The second question online is: “When is the Board date from Egypt? When will the IMF publish the staff report? What are the findings?”

There was an Article IV Mission to Egypt in November and a press release was published at the end of that visit. The Executive Board will take up the staff report for Egypt on January 28. The typical process is that it takes a while for the Board’s views on a specific country to be distilled, the discussion of the country, and it will potentially be published sometime after that date. But I do not have a specific publication date or guidance on when the Egypt staff report will be published. But, again, the Board will take up Egypt on January 28.

QUESTIONER: I’ve got a question on the Greek debt. I would like to know where does the IMF stand on the proposal for international restructure of the Greek debt? The Managing Director said recently that debt restructure always comes with consequences. Can you elaborate on this, please?

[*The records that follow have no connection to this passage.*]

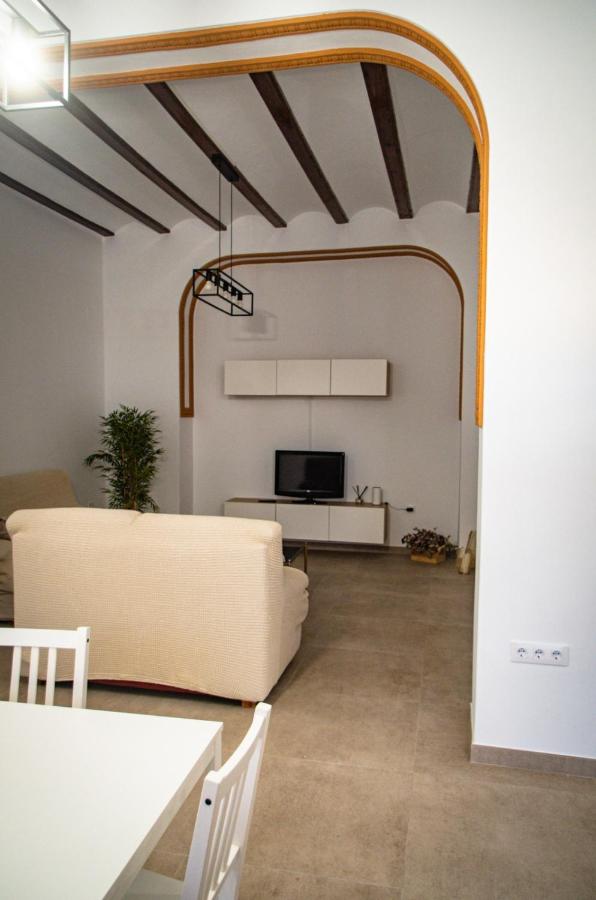 Casa vacacional El Sol - B&B Turís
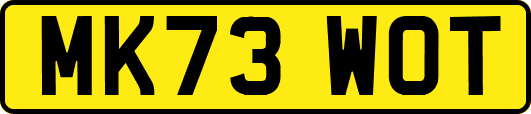 MK73WOT
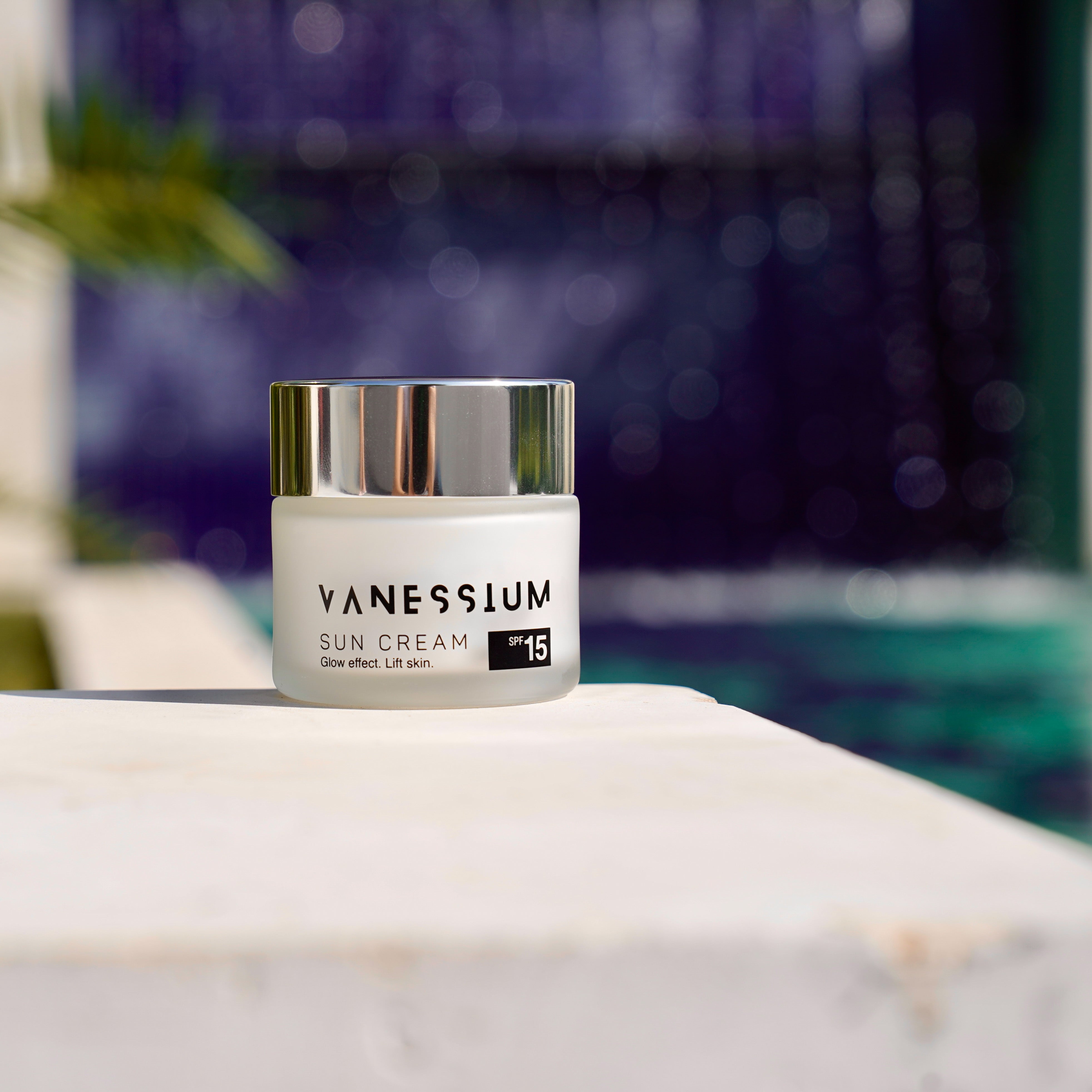 Glow Effect SPF15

MR. MURRAY: I want to make it clear, we’re not commenting on anything about Greece ahead of the elections. But on this point, let me just touch some base here. The debt sustainability analysis is updated at each review. That’s standard IMF practice. So when we have our next review, debt sustainability will be updated. There’s a whole host of reasons why debt is sustainable and unsustainable. That will be explored in the context of our review of Greece.

As far as I understand, the point our Managing Director was making is that debt restructuring is a very serious matter and revisiting or changing the terms of an agreement has fundamental consequences that need to be very carefully considered. But beyond that, I don’t think there were any other conclusions you can draw.

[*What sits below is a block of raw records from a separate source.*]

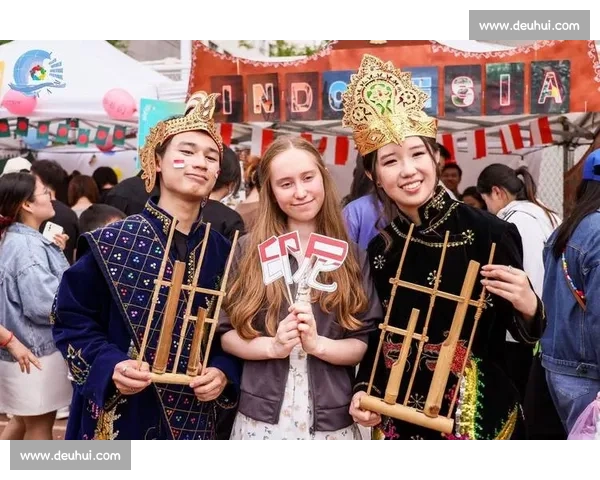 西班牙语比赛：展现语言魅力与文化多样性的竞技舞台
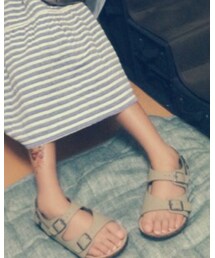 BIRKENSTOCK kids | サンダル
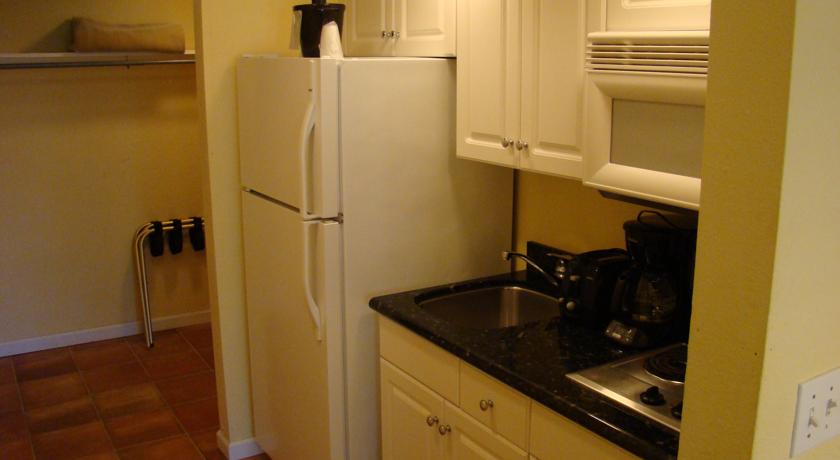 Vanderbilt Beach Resort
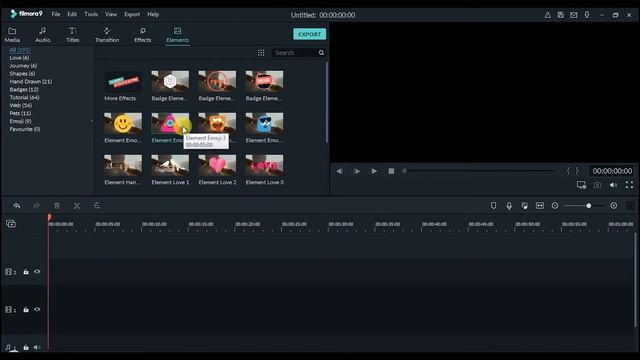 Best video editing software for windows 7 | filmora 9 me editing kaise kare смотреть онлайн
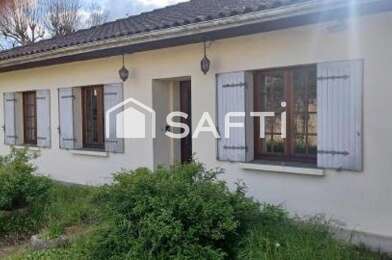 Maison 5 pièces 179000 €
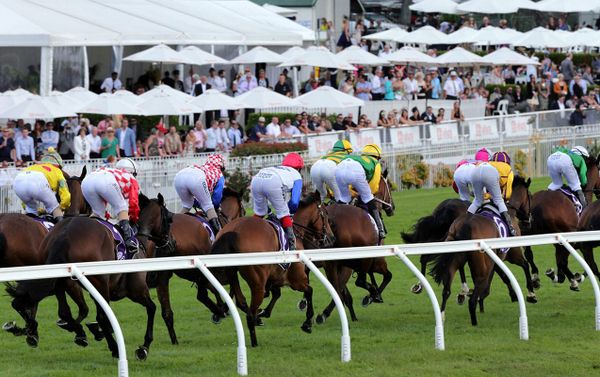 ATR bolster stakes by $3 million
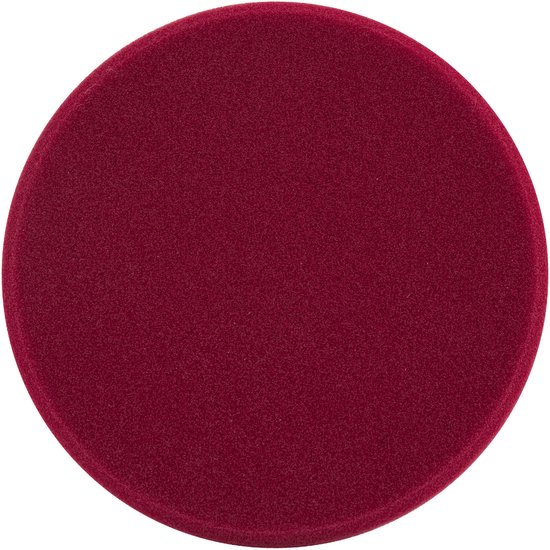 Meguiars Soft Buff Foam Cutting Disc 6'' voor Dual Action Polisher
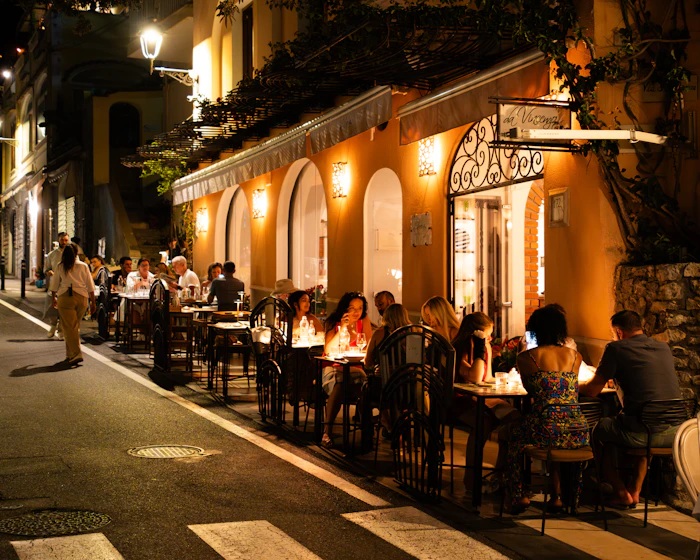 Live Music Bars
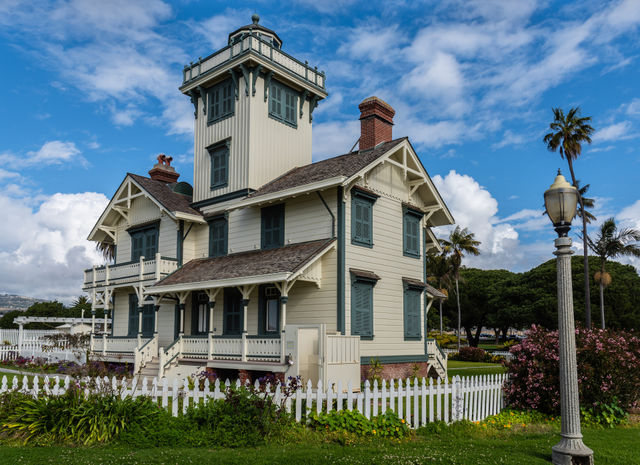 Hermosa casa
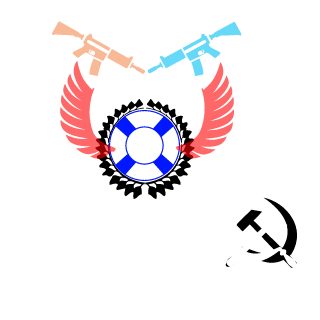 Loolgod's emblem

MR. MURRAY: I’ve got a question here online. asking for a clarification. “To be clear, you’re saying that the IMF has no opinion on whether Ukraine needs a debt restructure or not, a key dynamic that’s foundational to the future of Ukraine’s finances.”

I’m happy to clarify as much as possible. The mission is in Kiev and they will discuss this with the authorities among other things, full stop.

QUESTIONER: The Nigerians are having some currency issues at the moment. So the central bank governor is saying that it’s inappropriately priced currency with the U.S. dollar, but they’re holding a narrow trading ban. Do you think it is appropriately priced? Do you think their approach is appropriate? And are you worried about inflation in Nigeria? A lot of these countries are now facing similar issues. The Nigerians definitely this week have been facing this issue. Any comment?

MR. MURRAY: Well, I don’t have anything too specific, but let me take a look at our notes here. We don’t really comment on day-to-day movements on exchange rates, so let me just focus on the broader issues. Nigeria, like most oil-producing countries, is facing economic impacts. Oil exports and associated fiscal revenues will decline, but Nigeria has a relatively diverse economy. The oil sector accounts for only 13 percent of GDP, so growth is expected to slow only moderately. The authorities have already taken measures to respond to the oil price decline, including some exchange rate adjustment, tightening the monetary stance, and adjusting the draft budget for 2015 in line with a lower oil price. That’s basically as specific as I can get on your question.

Last question.

QUESTIONER: Madame Lagarde met with the President of Cyprus in Davos. Can you give us a readout of this meeting, if possible?

MR. MURRAY: I will have to get back to you on this.

QUESTIONER: And I have a comment. We are not asking your opinion about the Greek elections. We just want to know the process after the elections.

MR. MURRAY: That’s a legitimate point to make and I understand you want to know process. But there’s no rulebook in terms of how you engage with a new government or an existing government. You just engage and it takes many, many forms. Like I said, we intend to be fully engaged with whatever government comes out of the election on Sunday. That’s what we fully intend to do.

Thank you very much. Again, Happy New Year! Look forward to seeing you again on February 5.